Un mauvais arrangement vaut mieux qu’un bon procès, dit le proverbe. Du reste, un autre général, lui aussi arrivé au pouvoir après un coup de force, Mamadi Doumbouya, pour ne pas le nommer, n’a-t-il pas libéré, pour les mêmes raisons de santé, le capitaine Moussa Dadis Camara, jugé et condamné le 31 juillet 2024, à 20 ans de prison pour «crimes contre l’humanité», dans les massacres et les viols à ciel ouvert du 28 septembre 2009, en Guinée? Certes, avant toute action magnanime, qui ressemble plutôt à des calculs politicens, il y a eu d’abord ce procès dit historique en Guinée!
En tout cas, l’Association Réconciliation, au sein de laquelle se rassemblent les victimes des violences postélectorales de 2016, n’a pas avalé la pilule, trop amère pour elle.
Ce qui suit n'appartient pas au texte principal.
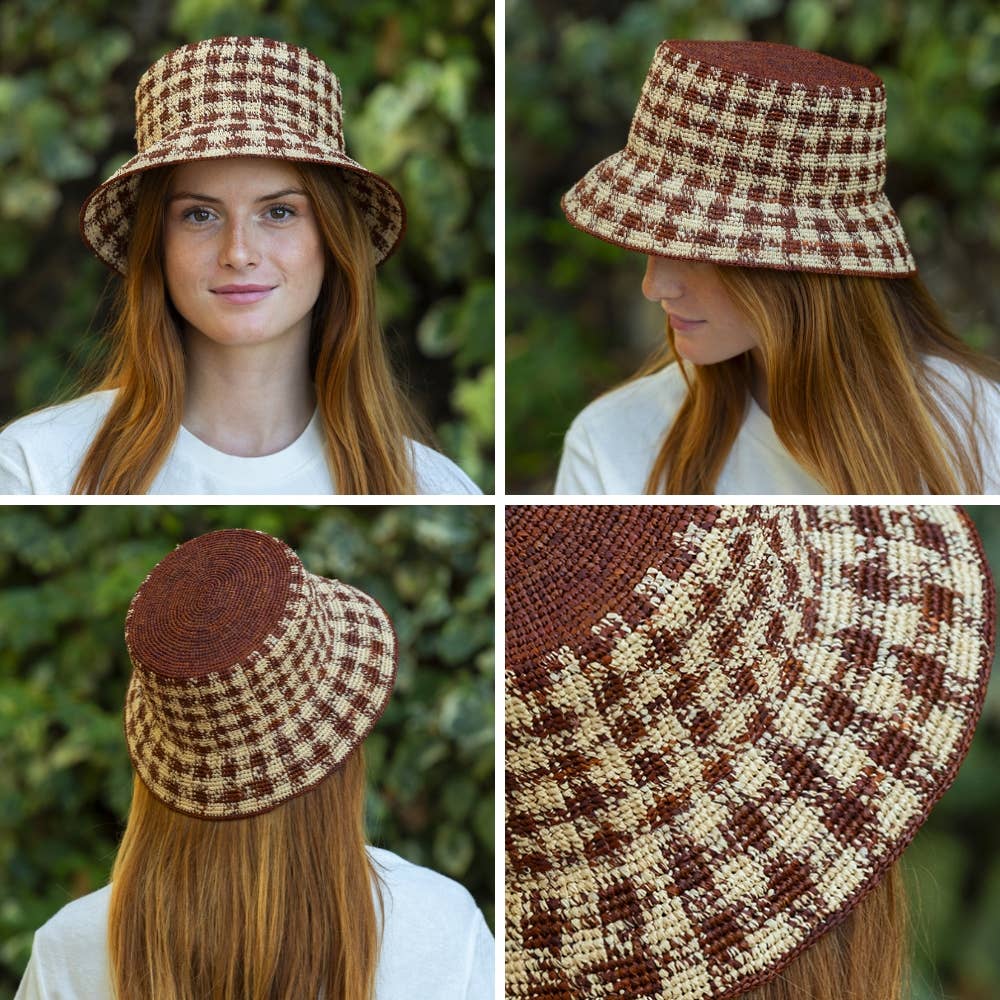TRAVAUX EN COURS... - Wholesale Bucket Hat - Unisex - BOB RAPHIA checks2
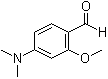 2-甲氧基-4-二甲基氨基苯甲醛分子结构 (CAS 84562-48-1)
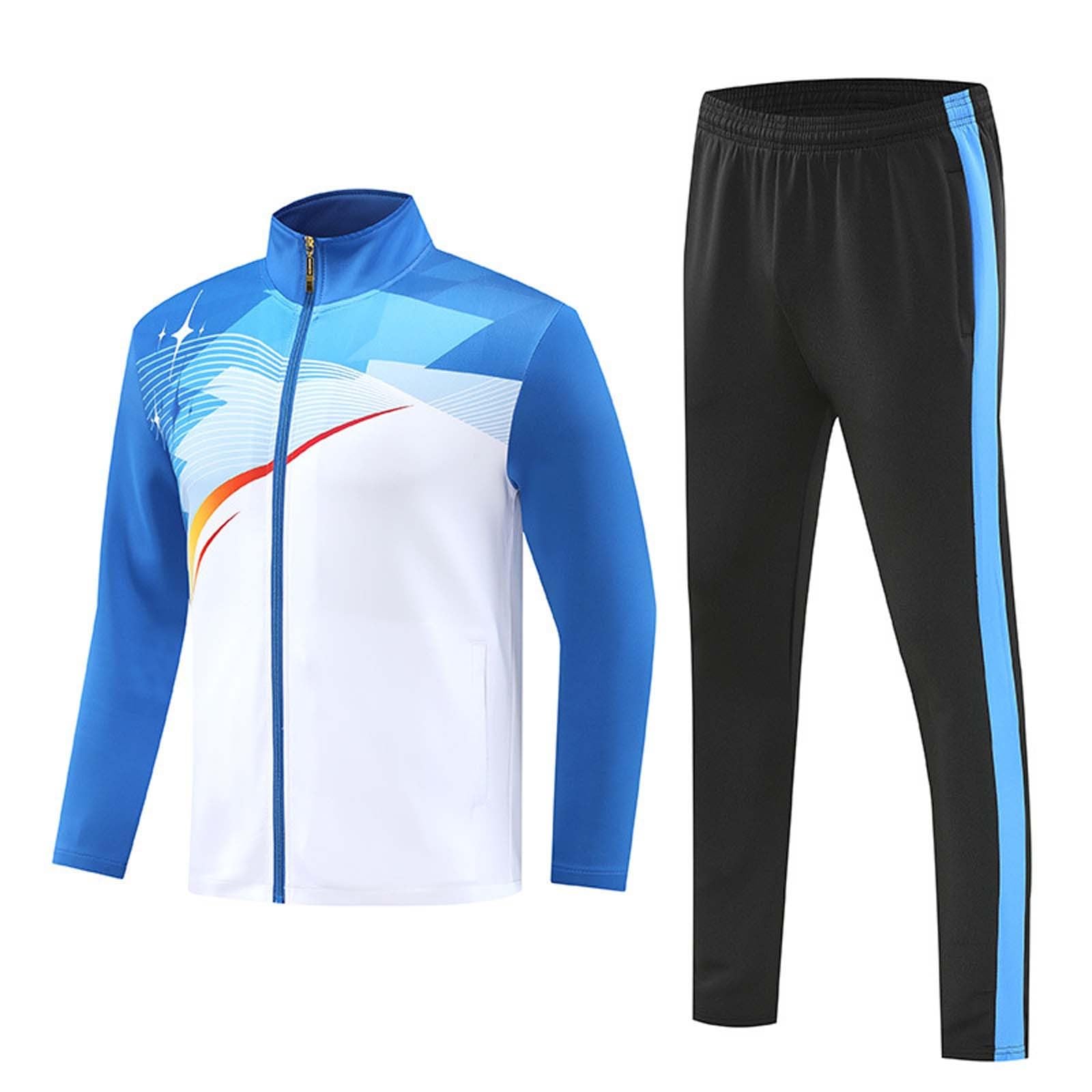 Tuta da jogging da uomo, con colletto alto, giacca lunga, per il tempo libero, casual, leggera, comoda
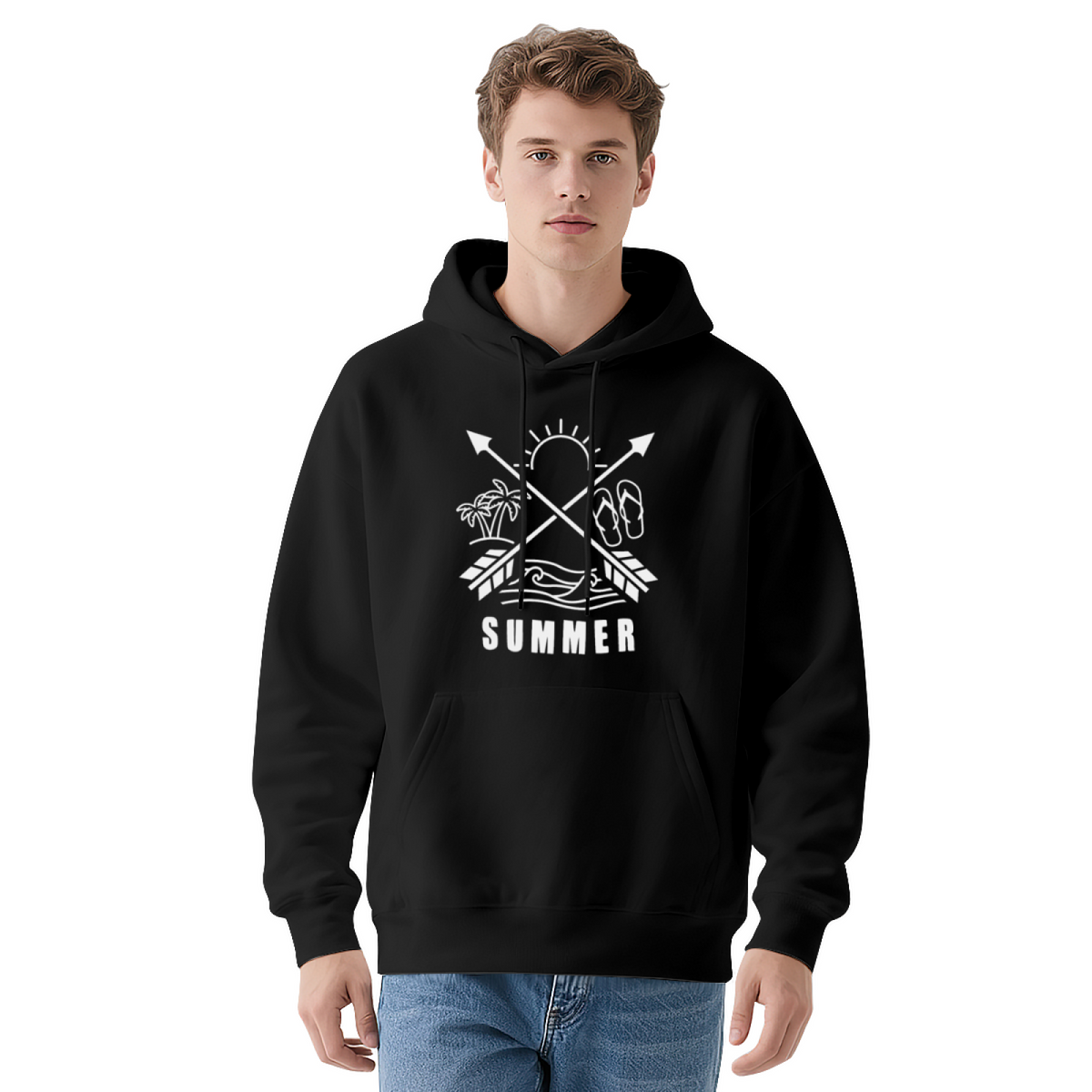 Summer Vibes Navy Hoodie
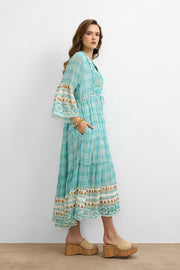 IBBN-43039 Turkuaz Harmony Elbise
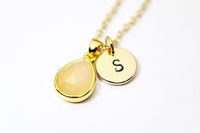 Quartz Necklace, Natural Gemstone Jewelry, N2921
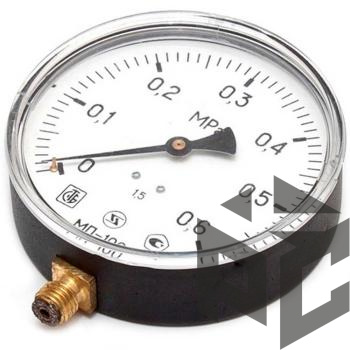 Манометр МП100М 1.6 МПа от производителя "Рускон"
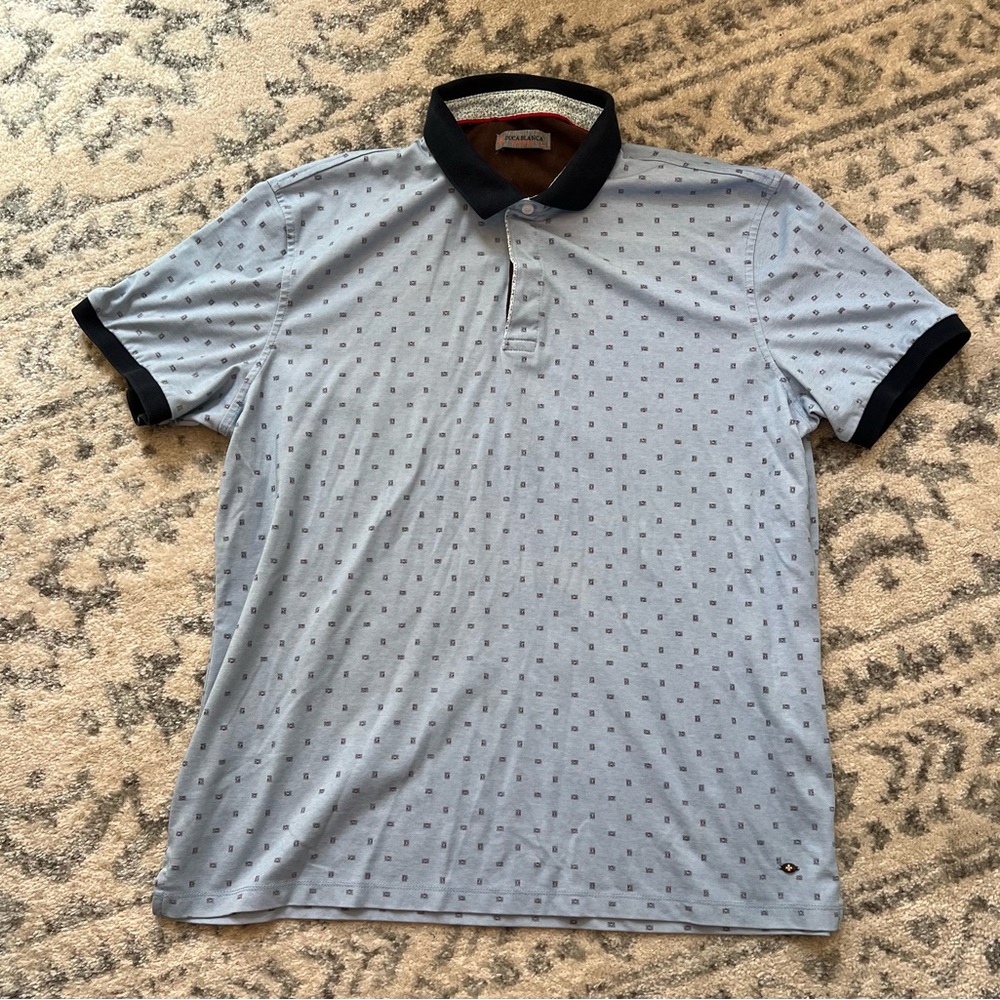 Men's Blue Polo Shirt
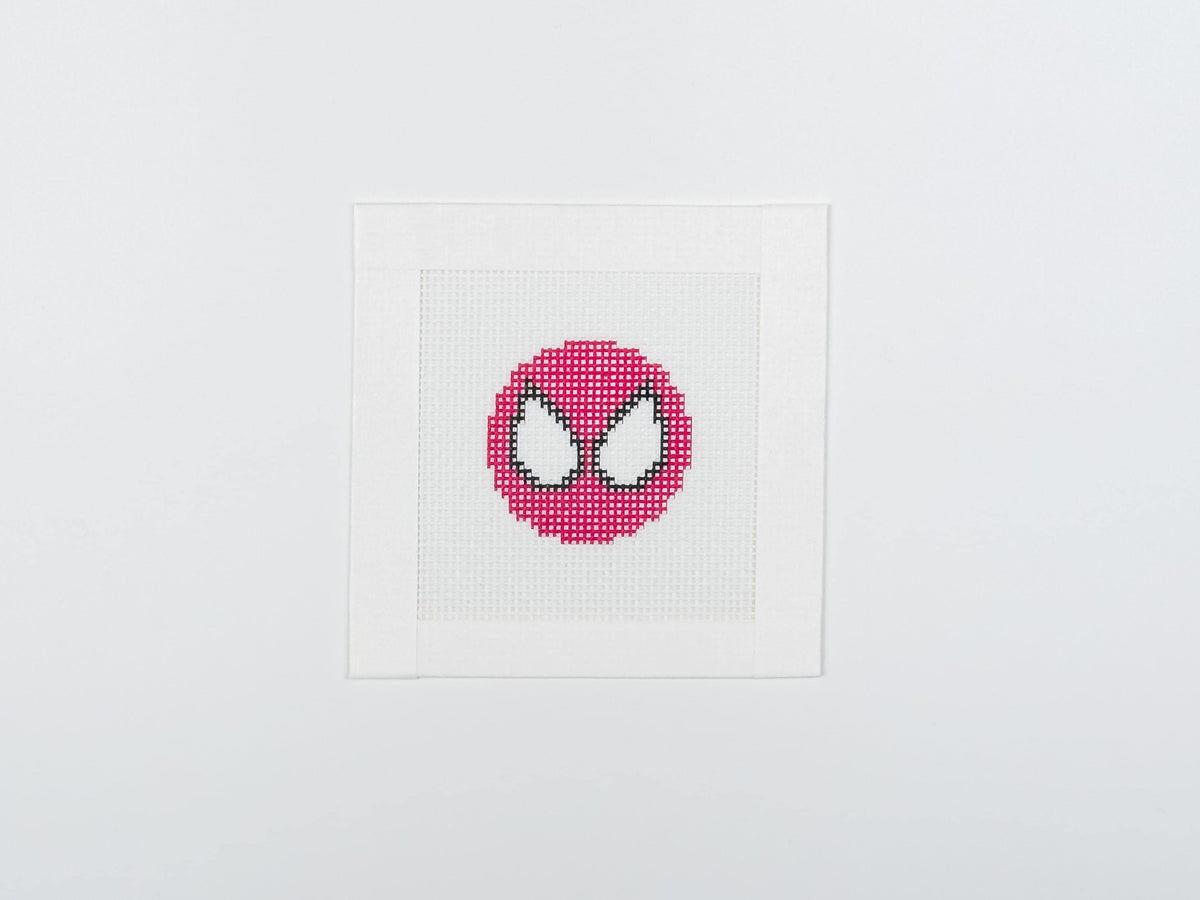 Kid from Queens, printed needlepoint canvas, full view
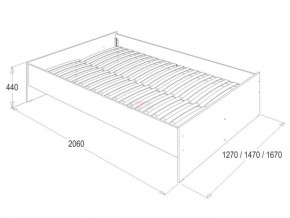 Кровать 1.6 каркас с ладе + спинка головная + 2 ящика Ольга-14 в Когалыме - kogalym.ok-mebel.com | фото 3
C’est dans cette logique qu’elle reste vent debout contre la libération et l’exfiltration des Bongo contre lesquelles elle compte manifester pacifiquement, en principe, ce lundi. Là aussi, difficile de blâmer ces victimes qui, à l’époque, n’ont pas bénéficié du traitement de faveur dont jouissent, aujourd’hui, les Bongo. Mais comparaison n’est pas raison, énonce, implacable, la sagesse. Pourvu que les uns et les autres agissent contre «l’injustice», en sachant raison garder, dans l’intérêt de la paix et de la cohésion nationale, dans un Gabon qui n’a que des urgences de développement.
Question: Luanda dispose-t-il de plateaux sanitaires aussi relevés que les Bongo n’ont pas trouvés au Gabon? Ou alors, l’Angola qui est, d’ailleurs, trop proche des yeux des Gabonais, n’est-il qu’une escale des Bongo, en route vers un ailleurs plus tranquille pour eux ? Certains évoquent le Maroc ou la Grande-Bretagne, comme destinations futures probables des Bongo, dans ce qui prend, pour eux, des airs d’un si long exil.